Generally, this means VirMach will give Customers a 100% refund for any other VPS plan for which Customer requests a cancellation and refund within 7 days of purchase. In the event of qualifying down-time, Customer’s account will be credited in accordance with this Agreement and VirMach’s Service Level Agreement. If Customer forgets to cancel a recurring payment and does not wish to keep the Service(s), VirMach reserves the discretion to offer store credit upon contact within 24 hours. If Customer downgrades Services, Customer will receive a prorated credit added to next term’s invoice: not a refund. All payments made through our deposit system are non-refundable. VirMach retains the sole discretion to make refunds without waiving the provisions herein. If a refund is made, or any store credits are withdrawn, Customer will be charged, and agrees to pay, a $40 administration fee per payment for VirMach’s manual payment processing.
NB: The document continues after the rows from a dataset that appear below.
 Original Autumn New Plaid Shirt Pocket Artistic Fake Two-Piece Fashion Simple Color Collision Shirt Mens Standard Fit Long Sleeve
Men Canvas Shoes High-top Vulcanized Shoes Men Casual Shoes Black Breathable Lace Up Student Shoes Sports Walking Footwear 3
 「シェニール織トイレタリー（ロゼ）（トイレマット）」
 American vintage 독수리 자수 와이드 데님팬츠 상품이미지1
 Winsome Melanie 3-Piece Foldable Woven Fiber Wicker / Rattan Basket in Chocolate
K) Collection Efforts: You shall pay all costs of collection, including reasonable attorney’s fees and costs, in the event any invoice requires collection efforts. All accounts referred to a collection agency shall be subject to an additional fee of $40.00, which must be paid in full before the account is reactivated.
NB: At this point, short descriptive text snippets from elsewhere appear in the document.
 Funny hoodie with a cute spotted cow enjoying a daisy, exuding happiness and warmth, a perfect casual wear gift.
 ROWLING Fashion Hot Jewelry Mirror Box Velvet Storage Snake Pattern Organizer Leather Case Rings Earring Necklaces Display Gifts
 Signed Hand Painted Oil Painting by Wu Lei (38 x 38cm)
L) Currency Fluctuations: International Customers bear the risk of currency fluctuations and any fees or taxes associated with the conversion of foreign currencies into United States Dollars. VirMach reserves the right to withhold Service to international Customers until we are able to receive satisfactory confirmation from such Customer’s payment account provider, in our sole discretion, that the funds will be available for debit from the international Customer’s account. VirMach reserves the right to refuse to provide Service to Customers whose country provided in the contact information does not match that on file for the billing information.
4. MISCELLANEOUS A) Warranty Disclaimer: Except as expressly provided in this Agreement, VirMach’s Services are provided on an “as is,” and “as available” basis. VirMach expressly disclaims all warranties and conditions of any kind, express, implied, or statutory, including, without limitation, the implied warranties of title, non-infringement, merchantability, and/or fitness for a particular purpose.
B) Indemnification: Customer shall indemnify VirMach, including its officers, directors, owners, managing agents, attorneys, shareholders, related entities, heirs, and assigns, from any and all claims, demands, actions, suits, losses, liabilities, damages, injuries, fines penalties, costs and expenses, attorneys’ fees, arbitration fees, mediation fees, expert expenses, and all other consequences of every kind, directly or indirectly resulting from any and all failure(s) of you or your agent(s) to fully comply with all duties, obligations and other provisions set forth in this Agreement. You further agree to defend, indemnify and hold harmless VirMach, including its officers, directors, owners, managing agents, attorneys, shareholders, related entities, heirs, and assigns, from and against any and all claims, demands, actions, suits, loses, liabilities, damages, injuries, fines, penalties, costs and expenses, including, without limitation, reasonable attorneys’ fees, arising out of any property damage or recoverable economic loss incurred by a third party, to the extent such damage or loss is caused by any act or omission of you or your agents in connection with the performance of this Agreement. You agree that VirMach shall have the right to participate in the defense of any such claim through counsel of its own choosing at your expense. All Services provided by VirMach to a Customer will be deemed accepted when delivered. In addition, VirMach expects Customers to abide by the policies enclosed in this Agreement and U.S. laws as well as any laws within the country in which Customer resides that do not conflict with U.S. laws. Basically, Customer assumes all responsibility for their activities, and if such activities result in any loss of money to VirMach or third parties, Customer is responsible for rectifying the situation financially.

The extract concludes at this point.